According to the Supreme Court’s ruling in Bhasin, there’s now a fundamental principle in contract law mandating a minimum standard of honest performance. In the context of a landlord and tenant negotiating a rent deferral arrangement during the Covid-19 crisis, the application of this principle seems straightforward. It requires parties not to deceive or mislead each other regarding their contractual commitments.

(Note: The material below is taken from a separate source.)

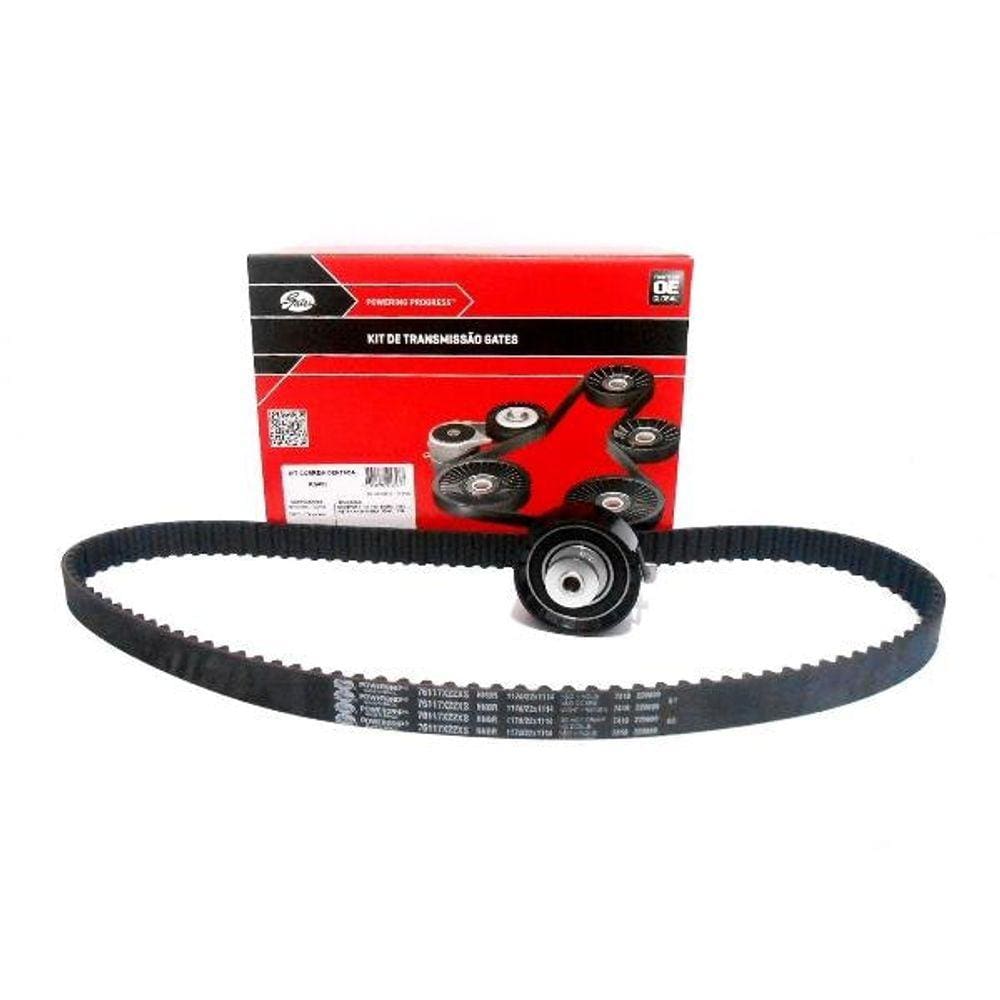 Kit Correia Dentada Tensor Ecosport Focus Sigma Ks403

As articulated in paragraph 73 of Bhasin, this obligation doesn’t demand absolute loyalty or complete disclosure. Therefore, while a tenant is obligated to honestly communicate the details of financial hardship, there’s no explicit requirement for full disclosure. This legal duty may present a paradox: how does one avoid misleading without sharing all information? This situation might appear contradictory, echoing the sentiment of the Yiddish proverb: “A half truth is a whole lie.”

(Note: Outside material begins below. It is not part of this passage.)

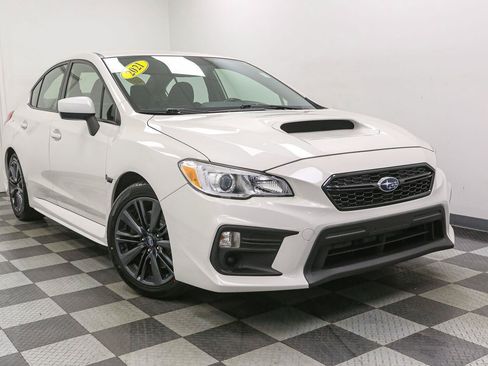 Used 2021 Subaru WRX AWD/4WD image 2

In the recent Supreme Court case of C.M. Callow Inc. v. Zollinger, 2020 SCC 45, the duty of honesty, initially established in Bhasin, was further expanded or clarified. The Court ruled that honesty in contractual dealings involves more than just abstaining from falsehoods. It encompasses a responsibility to steer clear of partially true statements that could mislead. This expanded duty also includes the obligation to avoid staying silent, meaning a failure to rectify or clarify misunderstandings that might arise between parties in a contract. Specifically, the Court stated:
[89] I acknowledge that in cases where there’s no explicit falsehood, as is the situation here, determining whether a party “knowingly misled” its counterpart isn’t always evident. However, it’s incorrect to suggest, as Baycrest did, that nothing lies between an outright lie and silence. In other legal contexts, such as in misrepresentation law, courts have examined situations to determine whether a misrepresentation existed, irrespective of whether a direct lie was present (referenced in A. Swan, “The Obligation to Perform in Good Faith: Comment on Bhasin v. Hrynew” (2015), 56 Can. Bus. L.J. 395, at p. 402). Professor Waddams highlighted that an incomplete statement can be as misleading as a false one, and courts have often treated such partial truths as legally significant misrepresentations (The Law of Contracts (7th ed. 2017), at No. 441). Similarly, when a party makes a statement it believed to be true initially, but subsequent circumstances alter its accuracy, courts have found an obligation to rectify the misrepresentation in various contexts (refer to Xerex Exploration Ltd. v. Petro-Canada, 2005 ABCA 224, 47 Alta. L.R. (4th) 6, at para. 58; also C. Mummé, “Bhasin v. Hrynew: A New Era for Good Faith in Canadian Employment Law, or Just Tinkering at the Margins?” (2016), 32 Intl J. Comp. Lab. L. & Ind. Rel. 117, at p. 123).
[90] These instances suggest that the standards of honesty in contractual performance often extend beyond simply prohibiting direct lies. Indeed, the notion of “misleading” one’s counterpart, a term separately referenced by Cromwell J., can encompass instances of silence or omissions in certain circumstances. One can mislead through action, by explicitly saying something to their counterpart, or through inaction, by neglecting to rectify a misunderstanding caused by their own misleading behavior. To me, these instances represent closely linked deceptive practices within the spectrum of contractual dealings (refer, for example, to Yam Seng Pte Ltd. v. International Trade Corp. Ltd., [2013] E.W.H.C. 111, [2013] 1 All E.R. (Comm.) 1321 (Q.B.), at para. 141).